Input (for Geometry Analysis)
The Input subnode is added by default as subnode of the Geometry Analysis node. Use it to specify the boundaries where the wires enter the domain or, in the case of a closed-loop coil, an interior boundary crossed by the wires. Used in combination with the Output (for Geometry Analysis) node, it also defines the direction of the current flow in an open coil (from Input to Output).
When applied on one or more boundaries, a red arrow in the Graphics window will show the direction of the wire. Select the Reverse direction check box to reverse the direction of the wires.
Slanted Cut
When using the default settings, the wire direction is forced to be orthogonal to the boundary. In some cases, however, the natural direction of the current (or the wires) is at an angle with respect to the input or output normal. A typical example is a helical coil, where the input and output boundaries represent periodicity planes (see Figure 5-3).
Figure 5-3: A helical coil with slanted ends. The slanted cut represents a periodicity plane.
To accommodate this case, the Slanted cut check box allows you to relax the constraints used for determining the coil geometry (it applies the boundary constraint “on average” rather than locally).

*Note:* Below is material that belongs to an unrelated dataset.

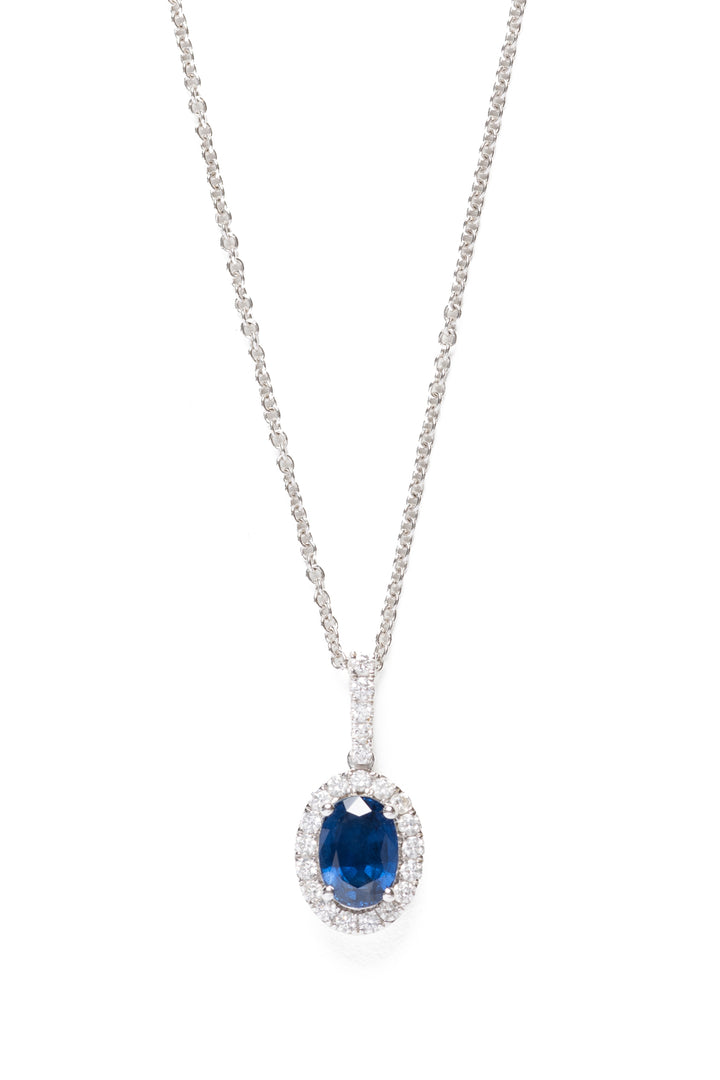 Birks 18K White Gold Sapphire and Diamond Pendant Necklace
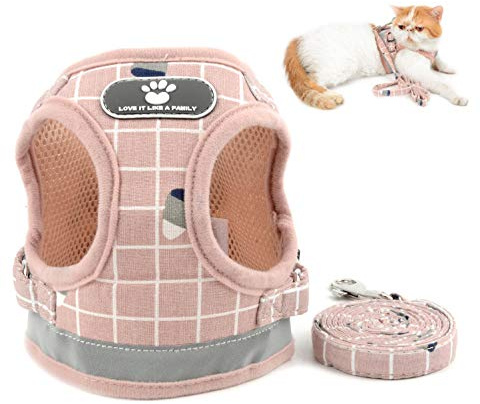 SELMAI Plaid Katzengeschirr Kitten Leine Usbruchsicher Reflektierend Brustgeschirre Weiches Mesh Brustgurt für Kleine Hunde Kein Zug Weste Laufgeschirre für Chihuahua Gehen Draussen Rosa XS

For this reason, this setting should not be used when you want to excite multiple separate coils having different shapes using the same input feature. If you have multiple coils with a slanted cut connected in parallel, the recommended approach is to use a separate coil feature for each one of them, and connect the coils in parallel using a circuit (or something equivalent to a circuit).
For an open coil, the Input subnode should never be added to boundaries that are interior to the coil’s domain selection. Note also that an open coil should have its start (Input) and end (Output) on boundaries that are exterior to the domain selection of the parent physics (for example, Magnetic Fields) and of a type that supports closure of the coil by means of an induced surface current density. The latter condition means Magnetic Insulation and, in the frequency domain, Impedance Boundary Condition.